I would also include errors related to the resources of the equipment used, for example,
insufficient bandwidth
insufficient TCAM on equipment (or inefficient use of it)
insufficient performance (often referred to as firewalls)
Typical L2 Layer Design Errors (OSI)
Often, when there is no good understanding of how STP works, what potential problems it brings with it, switches are connected randomly, with default settings, without additional STP tuning.
As a result, we often have the following
large STP network diameter, which can lead to broadcast storms
STP root will be determined randomly (based on mac address) and the traffic path will be suboptimal
ports connecting to hosts will not be configured as edge (portfast), which will cause STP to be recalculated when the end stations are turned on / off
the network will not be segmented at the L1 / L2 level, as a result of which problems with any switch (for example, power overload) will lead to the recalculation of the STP topology and stop traffic in all VLANs on all switches (including the one that is critical from the point of view of continuity service segment)

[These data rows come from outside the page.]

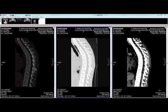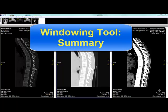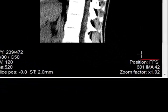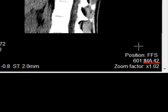In this tutorial we will show you how to use the windowing tool. We will start by summarizing what is found in this tutorial. What you are looking at are the three same sagittal sections from the CT study that Dr. Kim was asked to evaluate for back pain. You are looking at section number 42.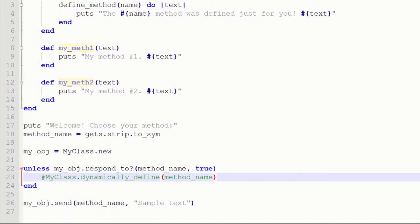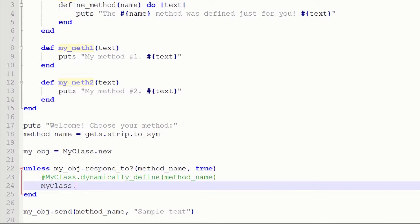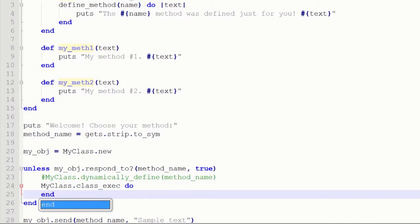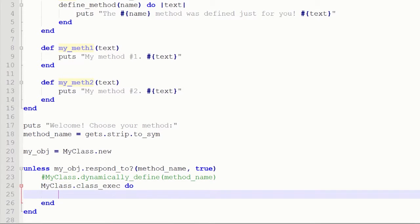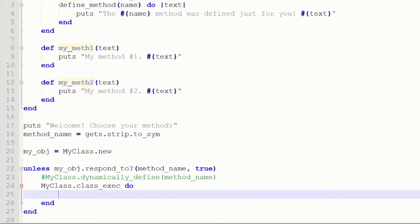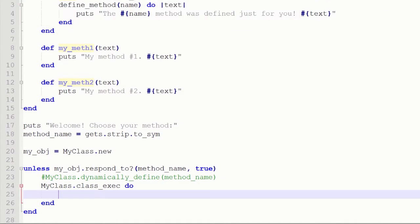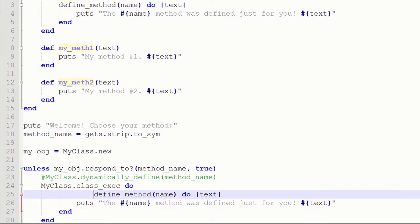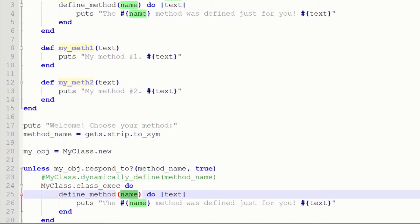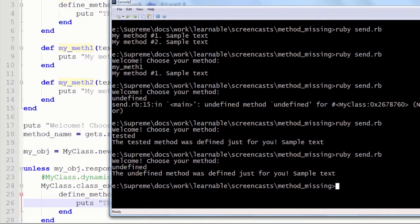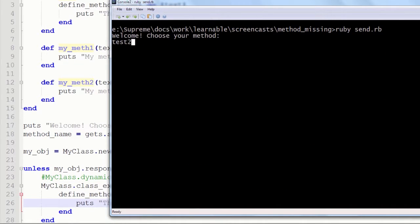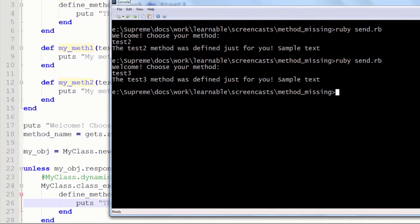Just to let you know, the dynamicallyDefine method can be removed and this line can be rewritten with classExec method. It allows you to dynamically evaluate blocks of code in the context of the provided class or module. So this way I am simply pasting this code here. And in the context of my class I simply define my dynamic method. And the programs should be working pretty much the same. So let's check it out. And I am going to define some methods. And as you see, everything is working just great.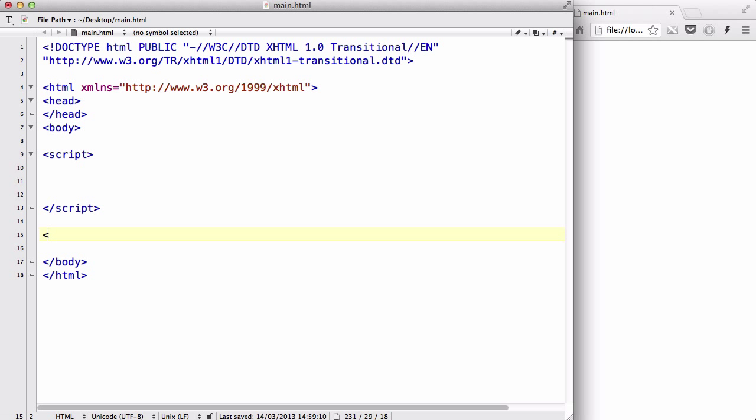Before I type anything in my script tag, let's create a form. Let's give it a name so that I could access it when I'm creating a function. The name could be anything, I'm just going to say "anything" as my form name. Then we are going to have an attribute called action. What that is, is basically it's going to send the data inside your form to somewhere.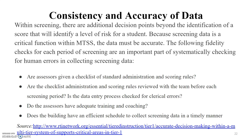Screening is about much more than obtaining a score. Consider the events before, during, and after the actual assessment, and plan for these events. Fidelity checks for each period of screening are an important part of systematically checking for human errors in collecting screening data.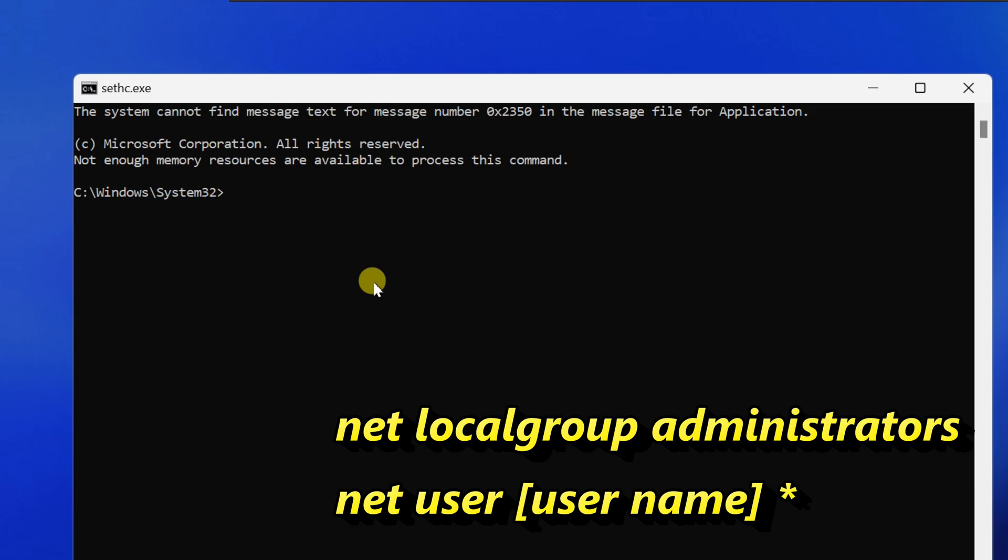If you're not sure what your username is, type the command net localgroup administrators and press enter. It will display the list of administrator accounts on your system.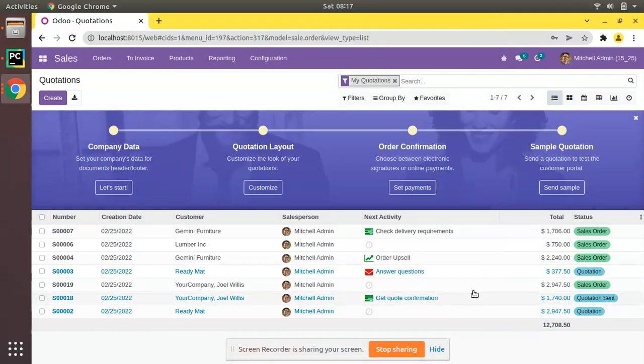Hello, good morning all. Today in this video we are going to discuss how to find duplicated contacts in an Odoo database. Currently on screen you are seeing Odoo version 15 Community Edition, where I'll be showing how to find duplicated contacts in the database.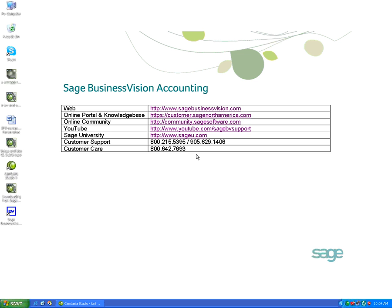This video will show you how to download and install your Sage Business Vision 50 accounting payroll update for January 2012.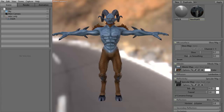Hi and welcome to 3dmotive.com. My name is Steven G. Wells and I'm a senior 3D artist. In this tips and tricks tutorial, we're going to be taking a look at the palette controls within Marmoset Toolbag 2.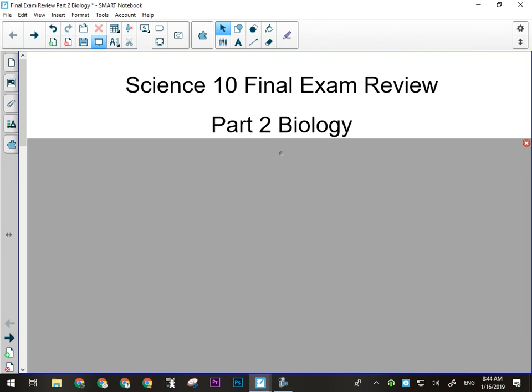For the biology units, remember that biology is going to work differently in terms of how you study for it than how you would study for chem or physics. Biology is very much about having your knowledge all in place and organized and then being able to apply it to a practical situation. That's what the biology final exam questions are going to be about. Certainly, yes, there's going to be some recall stuff.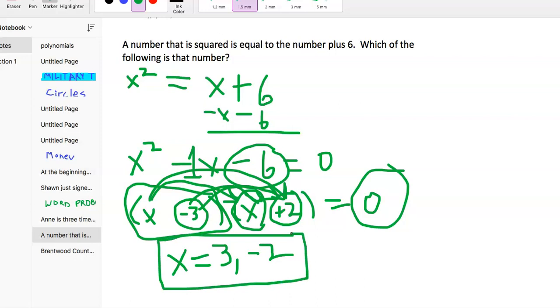So we have (x minus 3)(x plus 2) equals 0. If x equals 3, then 3 minus 3 is 0 — that works. If x equals negative 2, then negative 2 plus 2 is 0 — that works as well. So the possible correct answers are x equals 3 or x equals negative 2, and that's how you solve this one.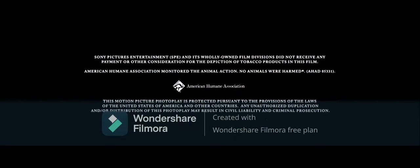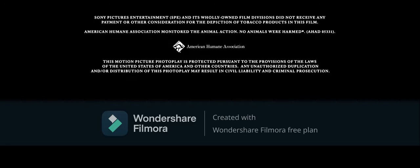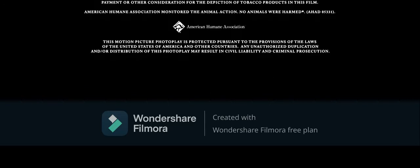This motion picture photo play is protected pursuant to the provisions of the laws of the United States of America and other countries. Any unauthorized duplication and or distribution of this photo play may result in civil liability and criminal prosecution.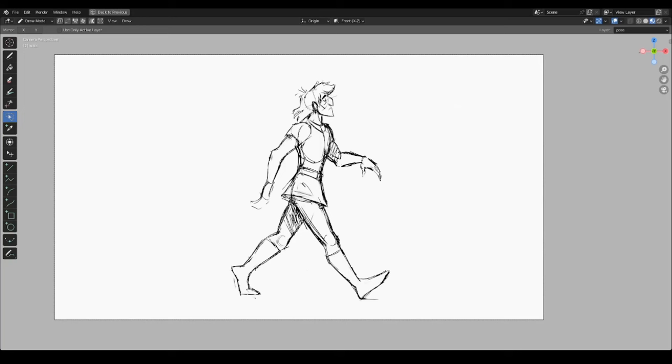Hi everyone, I made this drawing using the grease pencil in Blender and I'd like to show you how you can make a walk cycle out of a drawing like this. For this demonstration I'm going to use the spa version of Blender, which is a version that we developed during the pre-production of the movie Ember.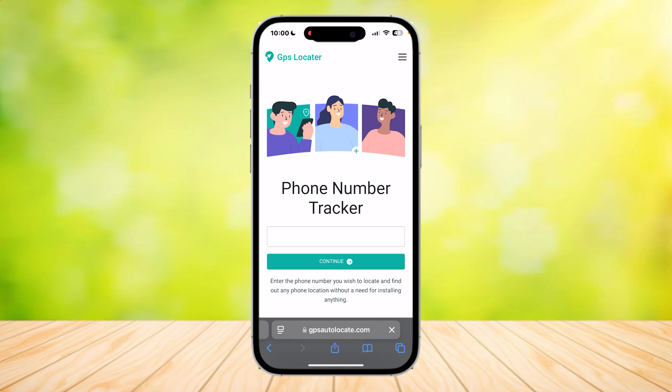Now if you somehow can't find your IMEI number, you can use your phone number — like your calling number — as an alternative. All you have to put in is either your IMEI or your phone number in order to track and find your phone.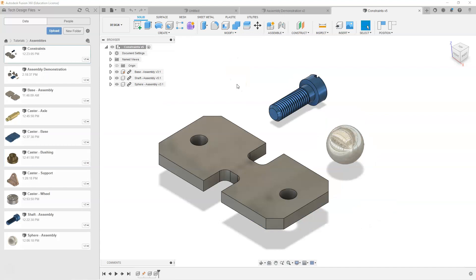I've opened up another assembly file with some components in it. In this portion, we're going to learn how to constrain components to other components and the different methods we can use. When constraining components, we use something referred to as joint origins — specifying a point or surface, a point on a surface, or an edge endpoint — and we match that up with a surface or endpoint on another component.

Examples of errors in L3 design (OSI)
A few typical mistakes of beginner networkers:
frequent use (or use only) of static routing
use of routing protocols that are not optimal for a given design
suboptimal logical network segmentation
suboptimal use of address space, which does not allow route aggregation
lack of backup routes
no redundancy for default gateway
asymmetric routing when rebuilding routes (may be critical in case of NAT/PAT, statefull firewalls)
problems with MTU
when rerouting, traffic goes through other security zones or even other firewalls, which leads to the fact that this traffic drops
poor topology scalability
Design Quality Evaluation Criteria
When we talk about optimality / non-optimality, we must understand in terms of what criteria we can evaluate it. Here, from my point of view, are the most significant (but not all) criteria (and decoding in relation to routing protocols):
scalability
For example, you decide to add another data center. How easy can you do it.
ease of management
How easy and secure are operational changes to be made, such as announcing a new mesh or filtering routes
availability
What percentage of the time does your system provide the required level of service?
security
How secure is the transmitted data?
price
Changes
The basic principle at this stage can be expressed by the formula "do no harm."
Therefore, even if you do not fully agree with the design, and the chosen implementation (configuration), it is not always advisable to make changes. A reasonable approach is to rank all identified problems according to two parameters:
how easily this problem can be fixed
how much risk does it bear
First of all, you need to eliminate things that currently reduce the level of service provided below the acceptable level, for example, problems that lead to packet losses. Then fix what is easiest and safest to fix in order of decreasing severity of risk (from design or configuration issues that pose a greater risk to a lesser one).
Perfectionism at this stage can be harmful. Bring the design to a satisfactory state and synchronize the network configuration according to it.